Over the past number of years, the Company has endeavored to optimize reservoir contact by drilling two and three leg vertically stacked multi-lateral wells within the Frobisher formation. In 2025, 17.0 net wells of Surge’s planned 23.0 net Frobisher wells (74 percent) will be drilled as multi-lateral horizontal wells.
OUTLOOK: THE PATH TO VALUE MAXIMIZATION
Following the early repayment of Surge’s $126 million second-lien term facility, combined with the successful $175 million Senior Unsecured Note financing (together with an undrawn $250 million first-lien credit facility), the Company is now allocating substantially all excess FCF to shareholder returns through its base dividend and share buybacks.
Surge has a high quality, light and medium gravity crude oil asset and opportunity base, with an internally estimated drilling inventory that supports more than 10 years of drilling1 – in two of the top four crude oil plays in North America2 (based on per well payout economics). Surge’s Management and Board operate and manage the Company to maximize FCF available for shareholder returns, primarily through a sustainable base dividend and share buybacks, which have historically been shown to deliver superior returns to investors over time3.
FORWARD LOOKING STATEMENTS
This press release contains forward-looking statements. The use of any of the words “anticipate”, “continue”, “estimate”, “expect”, “may”, “will”, “project”, “should”, “believe”, “potential” and similar expressions are intended to identify forward-looking statements. These statements involve known and unknown risks, uncertainties and other factors that may cause actual results or events to differ materially from those anticipated in such forward-looking statements.

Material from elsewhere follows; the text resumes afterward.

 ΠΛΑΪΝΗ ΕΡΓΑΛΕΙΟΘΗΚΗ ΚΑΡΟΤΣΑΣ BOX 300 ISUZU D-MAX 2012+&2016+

More particularly, this press release contains statements concerning: Surge’s expectation it will meet the Company’s 2024 production exit rate target; the anticipated completion date of the construction of a multi-well battery at Hope Valley; the anticipated use of the seismic data obtained from its 3D seismic program in Surge’s 2025 drilling program and the expectations such data will help to further de-risk its expanding Hope Valley inventory; Surge’s expectations and estimates with respect to its 2025 capital and operating budget; Surge’s 2025 guidance; Surge’s continued focus through 2025 on its disciplined capital allocation strategy; the anticipation that a majority of the Company’s remaining free cash flow in 2025 will be used for share repurchases under its NCIB program; the expectation that the reduction in Surge’s 2025 capital budget will improve the sustainability of the Company’s dividend and shareholder returns based business model; Management’s focus on the continued growth of Surge’s multi-lateral well footprint in the Mannville stack and the commitment to development drilling in the Sparky area; Surge’s planned 2025 drilling program; Surge’s expectations regarding crude oil prices and WCS differentials; Surge’s identification of potential drilling locations, including in Hope Valley; and the Company’s ability to de-risk future drilling locations in Hope Valley.

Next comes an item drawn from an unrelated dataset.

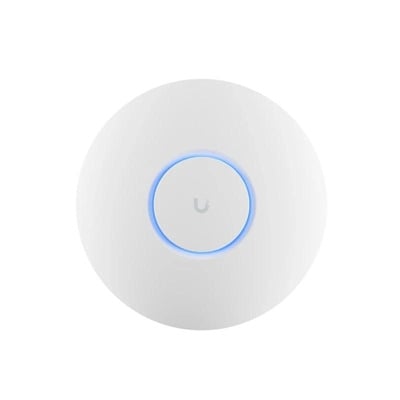 Ubiquiti U6+ AP WiFi6 1xGbE PoE 2x2 Dual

The forward-looking statements are based on certain key expectations and assumptions made by Surge, including expectations and assumptions around the performance of existing wells and success obtained in drilling new wells; Surge’s pricing assumptions of US$70 WTI, US$13.50 WCS differential, US$3.50 EDM differential, $0.725 CAD/USD FX and $2.50 AECO; anticipated operating, transportation and general and administrative costs and expenses; the application of regulatory and royalty regimes; prevailing economic conditions; development and completion activities; the performance of new wells; the successful implementation of waterflood programs; the availability of and performance of facilities and pipelines; the geological characteristics of Surge’s properties; the successful application of drilling, completion and seismic technology; the determination of decommissioning liabilities; prevailing weather conditions; licensing requirements; the impact of completed facilities on operating costs; the availability and costs of capital, labour and services; and the creditworthiness of industry partners.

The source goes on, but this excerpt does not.